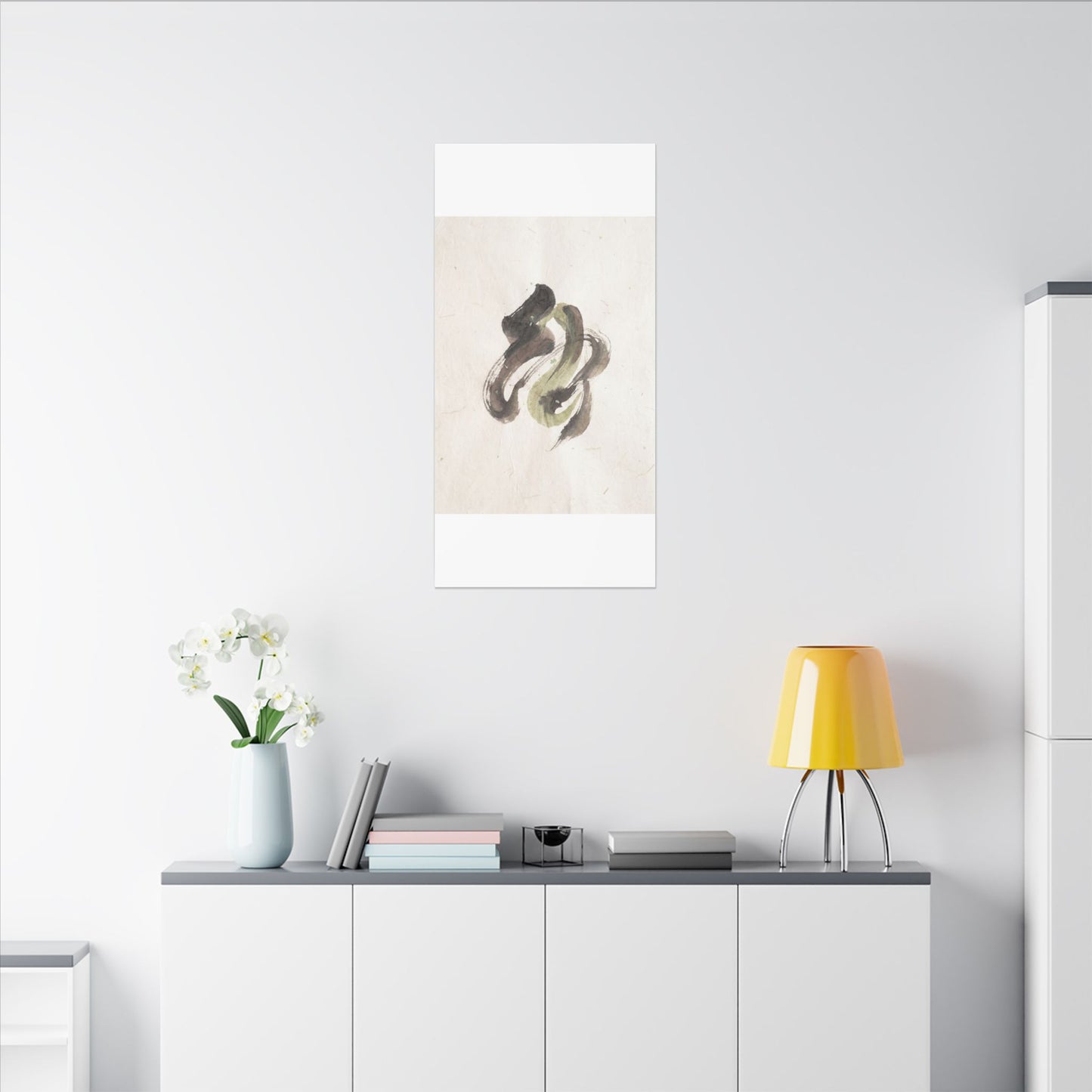 Ink Brushstroke Canvas Art | Spring Japandi Japanese Pattern Art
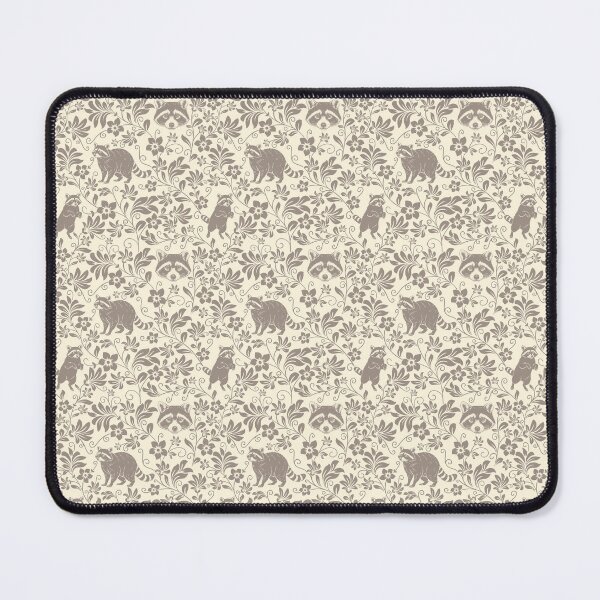 Item preview, Raccoon Floral Pattern | Cute Woodland Animal Aesthetic in Sepia designed and sold by WildLakePatterns.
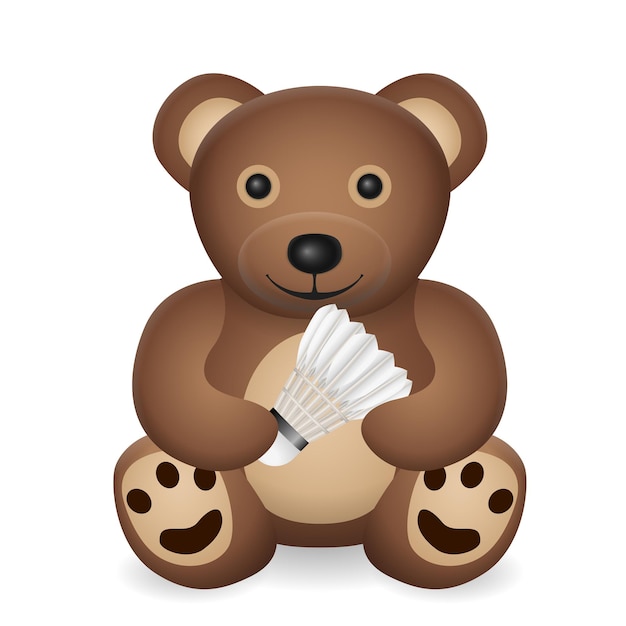 Teddy bear with badminton shuttlecock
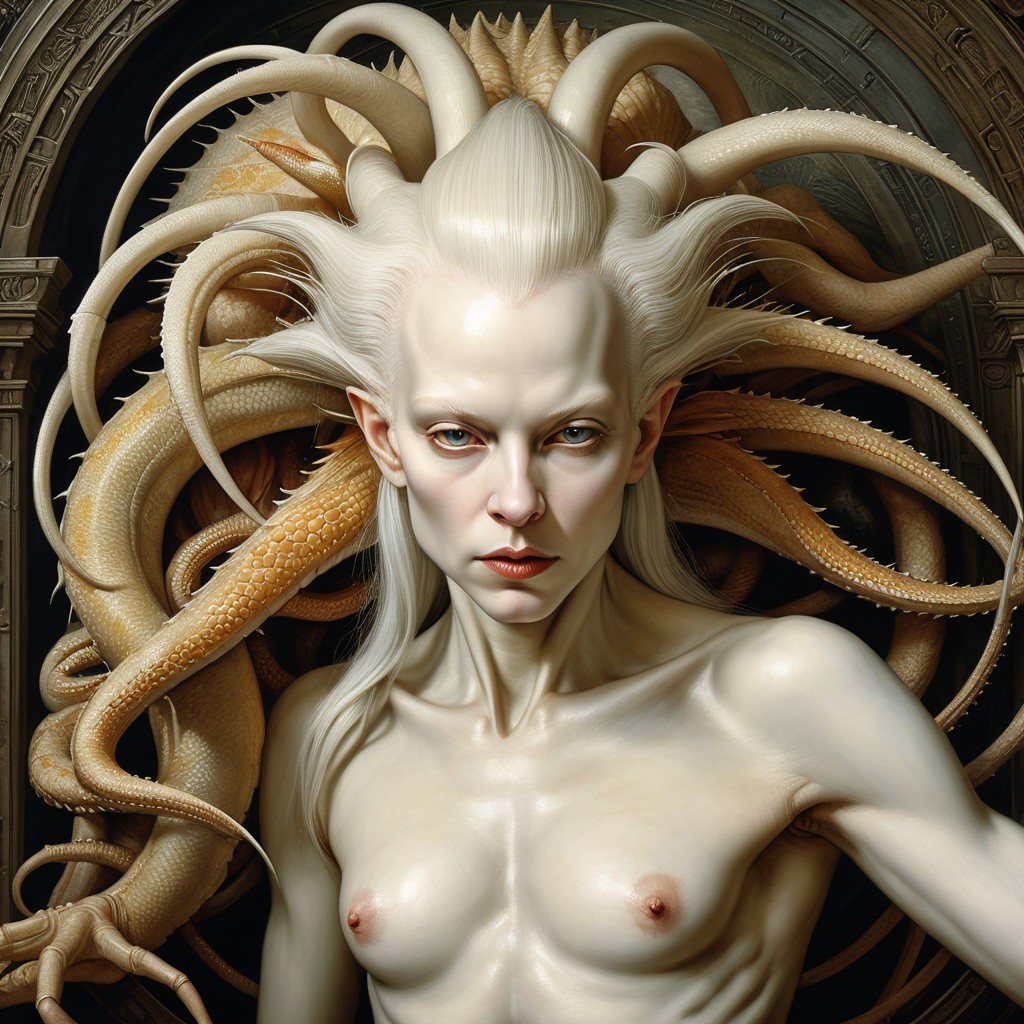 Surreal figure with pale skin and flowing white hair
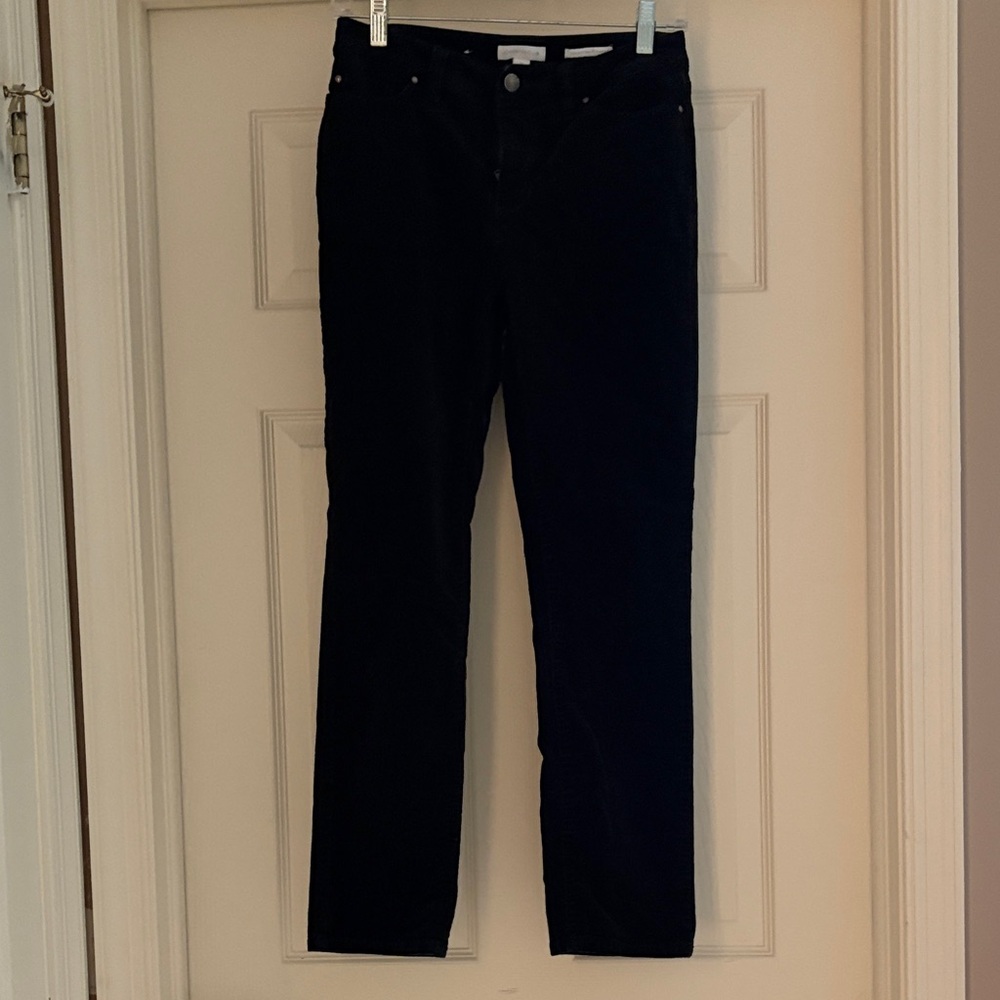 Charter Club Black Straight Leg Mis Rise Corduroy Pants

* [TASK DIRECTIONS]
Reproduce the data above in full, exactly, with the images removed.

* [RESULT]
 Ink Brushstroke Canvas Art | Spring Japandi Japanese Pattern Art
 Item preview, Raccoon Floral Pattern | Cute Woodland Animal Aesthetic in Sepia designed and sold by WildLakePatterns.
 Teddy bear with badminton shuttlecock
 Surreal figure with pale skin and flowing white hair
 Charter Club Black Straight Leg Mis Rise Corduroy Pants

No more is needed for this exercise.